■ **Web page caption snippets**
◆ ◆ ◆ ◆ ◆ ◆ ◆
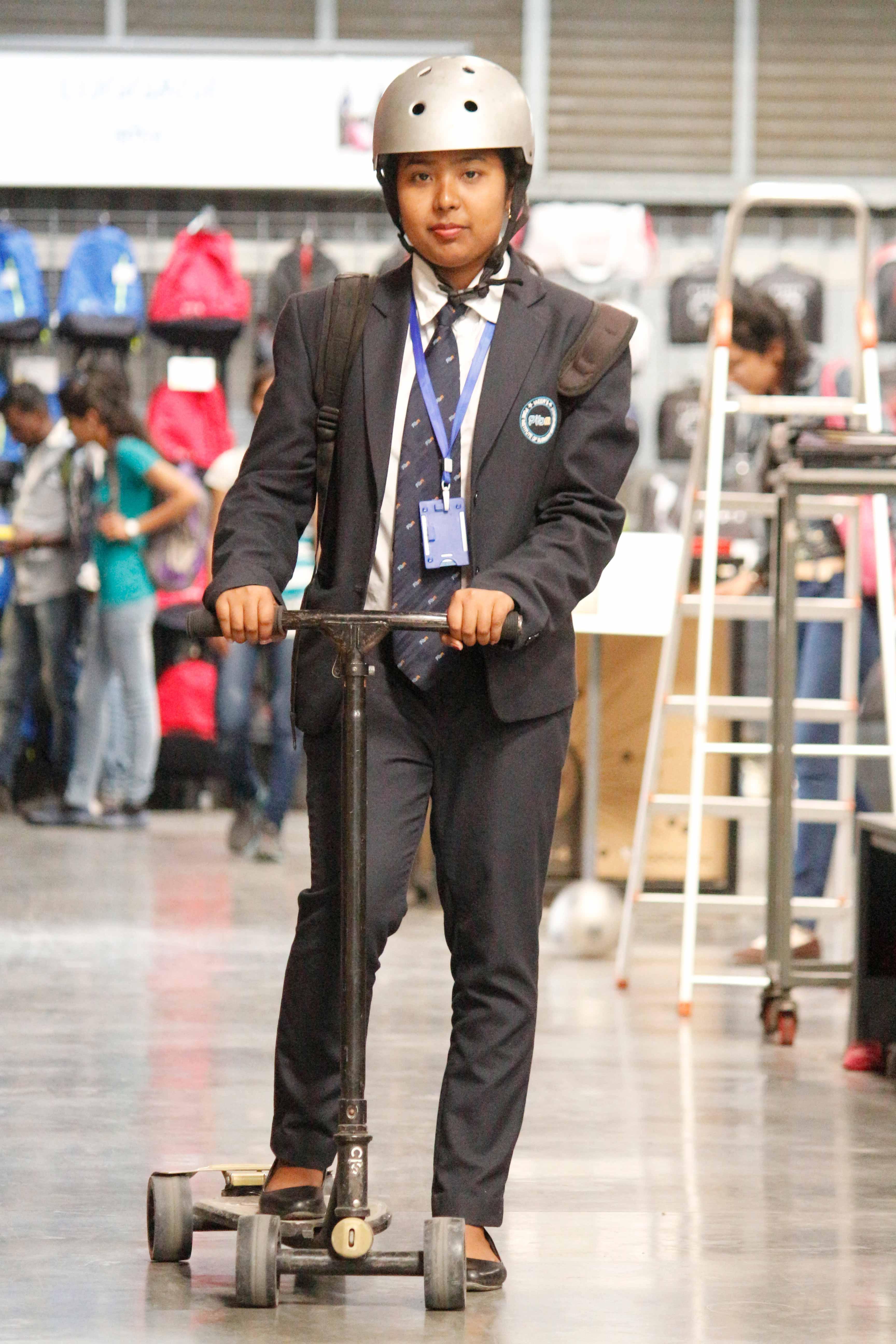 Pune Institute of Business Management Guwahati Campus Life photo 44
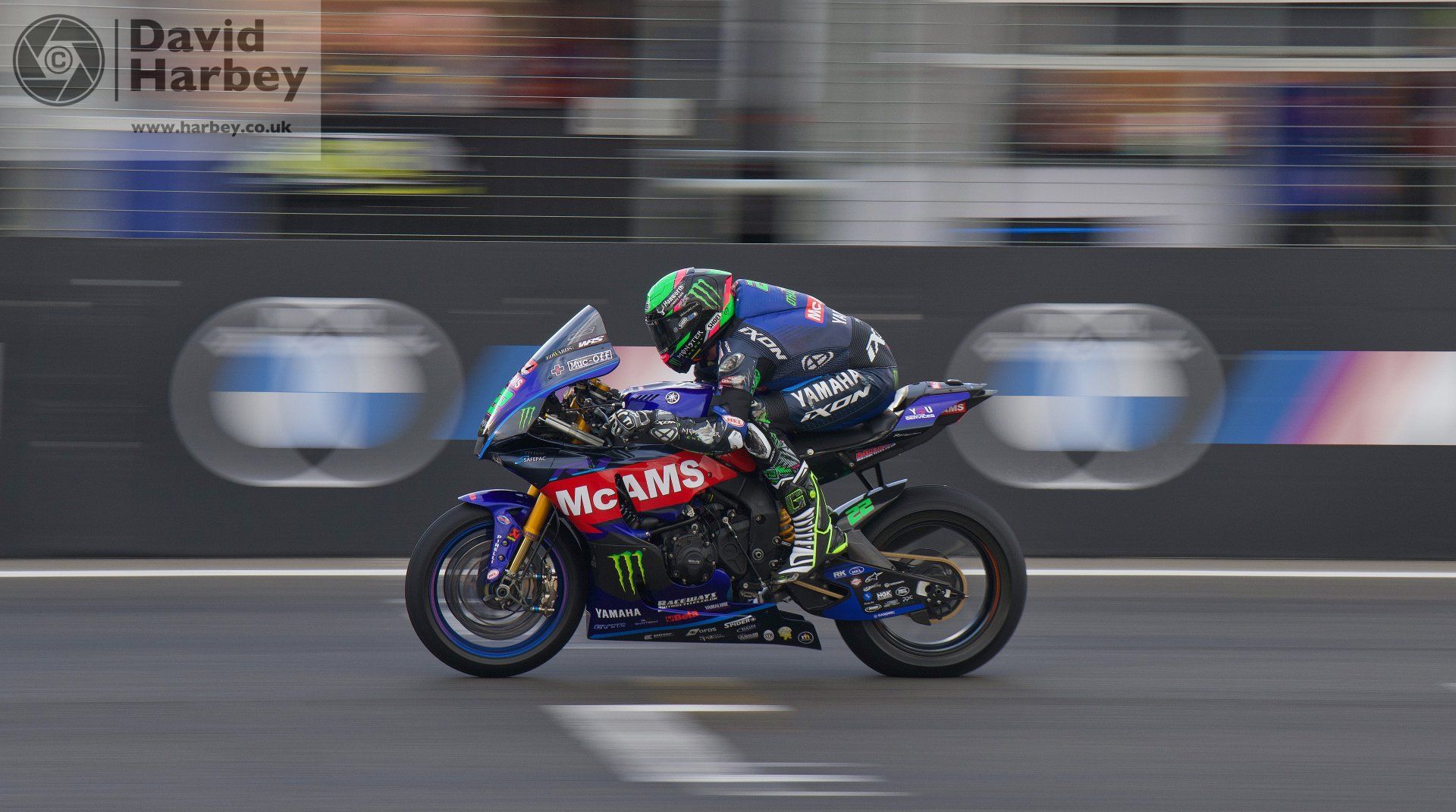 British SuperBikes Snetterton Round 8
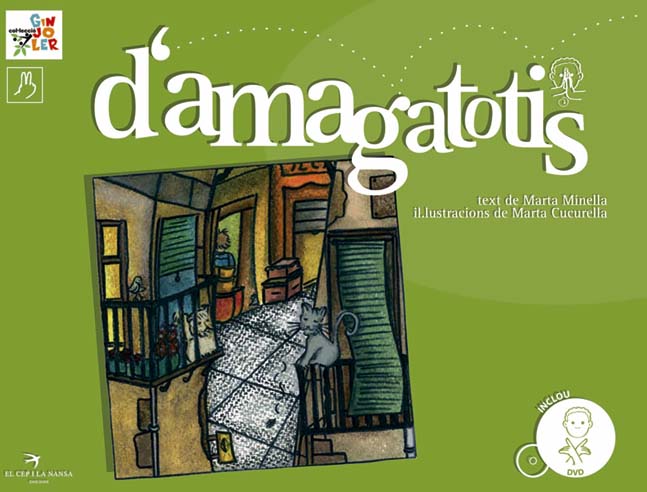 D'amagatotis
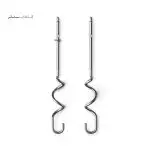 همزن فیلیپس مدل HR3705 رنگ مشکی - تصویر 5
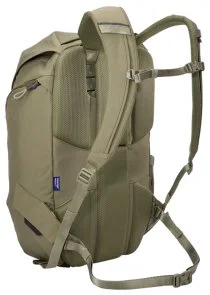 Фото: Рюкзак для ноутбука THULE Paramount Commuter 28L TPBBP-328 Soft Green (3205236) № 2 | KTC
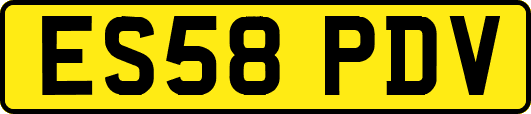 ES58PDV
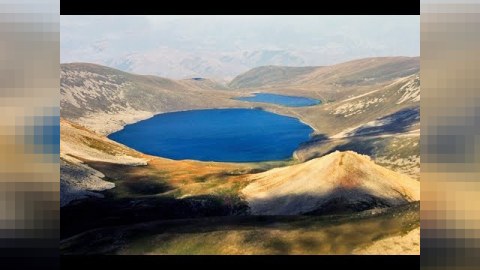 Qaragöl ətrafında vəziyyət qəlizləşir - TƏHLİL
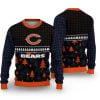 2025 Bears Ugly Christmas Sweater 3 2025 Bears Ugly Christmas Sweater 1 2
◆ ◆ ◆ ◆ ◆ ◆ ◆
■ **REQUIRED ACTION**
Give every record again word for word, pictures excluded.

■ **SOLUTION TO THE EXERCISE**
 Pune Institute of Business Management Guwahati Campus Life photo 44
 British SuperBikes Snetterton Round 8
 D'amagatotis
 همزن فیلیپس مدل HR3705 رنگ مشکی - تصویر 5
 Фото: Рюкзак для ноутбука THULE Paramount Commuter 28L TPBBP-328 Soft Green (3205236) № 2 | KTC
 ES58PDV
 Qaragöl ətrafında vəziyyət qəlizləşir - TƏHLİL
 2025 Bears Ugly Christmas Sweater 3 2025 Bears Ugly Christmas Sweater 1 2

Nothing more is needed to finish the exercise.